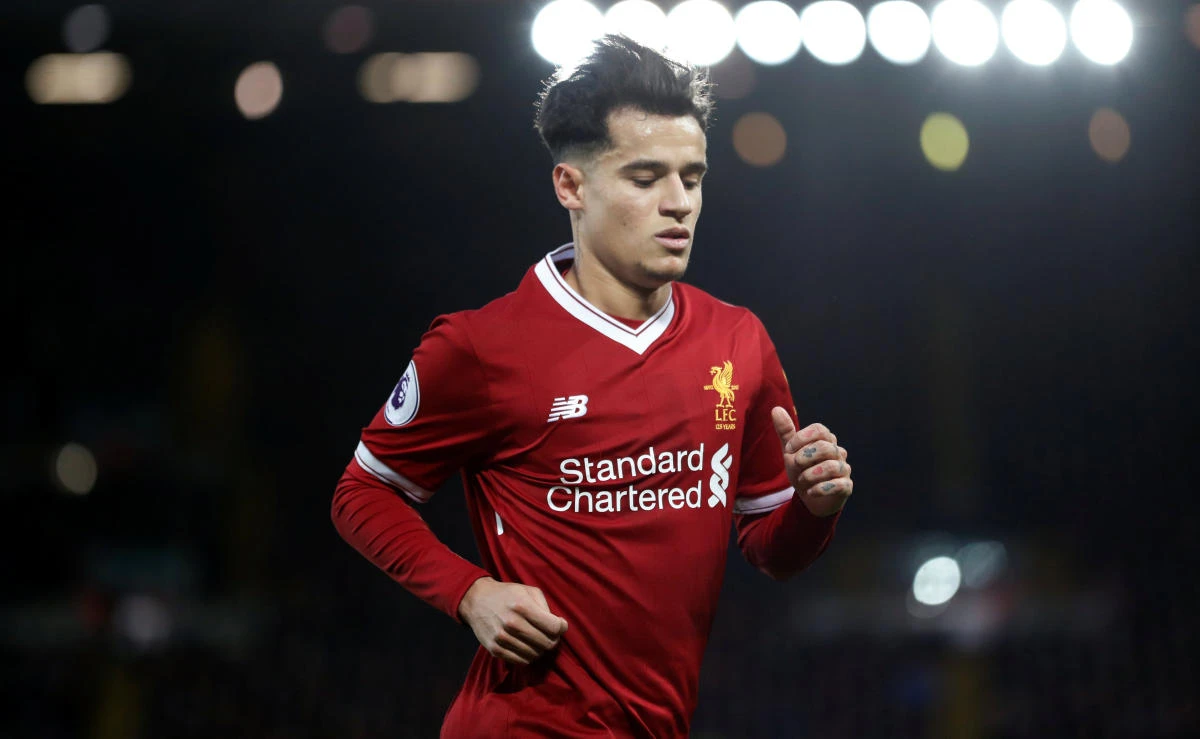 In this file photo, Liverpool’s Philippe Coutinho looks dejected during a match between Liverpool and Leicester City in Anfield, Liverpool, Britain on Dec. 30, 2017. (Action Images via Reuters)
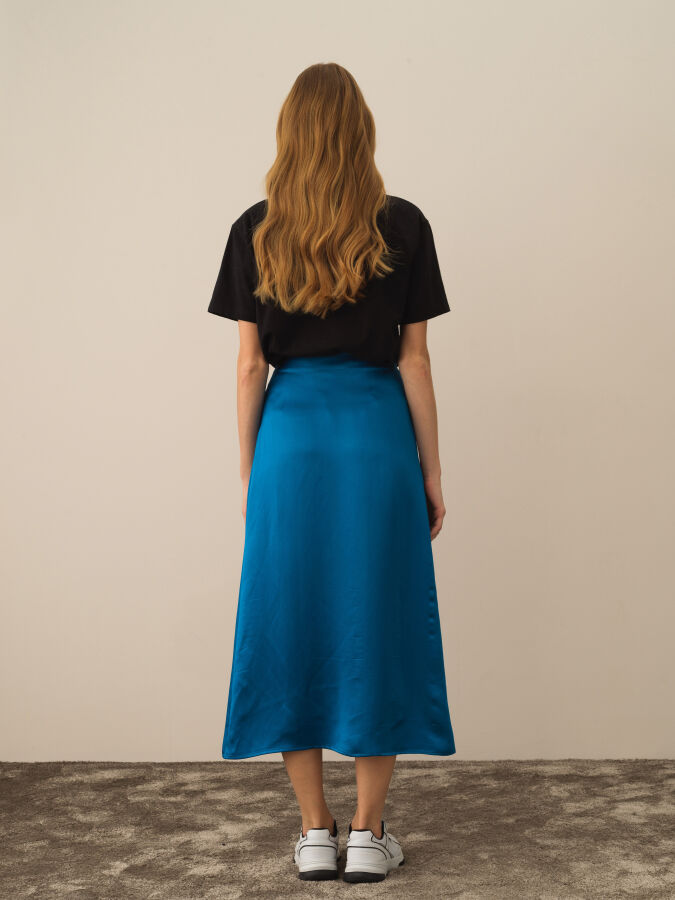 Regular Fit Satin Skirt - Xint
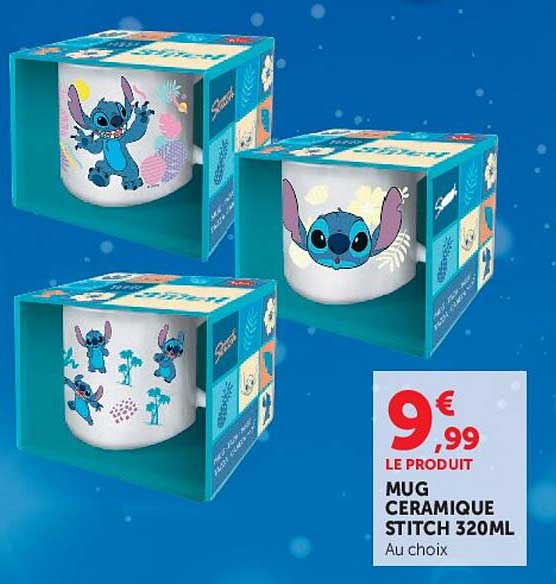 MUG CERAMIQUE STITCH 320ML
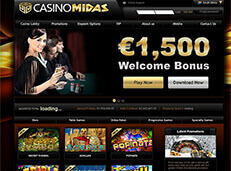 Casino Midas review screenshot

........

## Brief
From the first line to the last, retype the data exactly, but omit every image.

## Exercise result
 In this file photo, Liverpool’s Philippe Coutinho looks dejected during a match between Liverpool and Leicester City in Anfield, Liverpool, Britain on Dec. 30, 2017. (Action Images via Reuters)
 Regular Fit Satin Skirt - Xint
 MUG CERAMIQUE STITCH 320ML
 Casino Midas review screenshot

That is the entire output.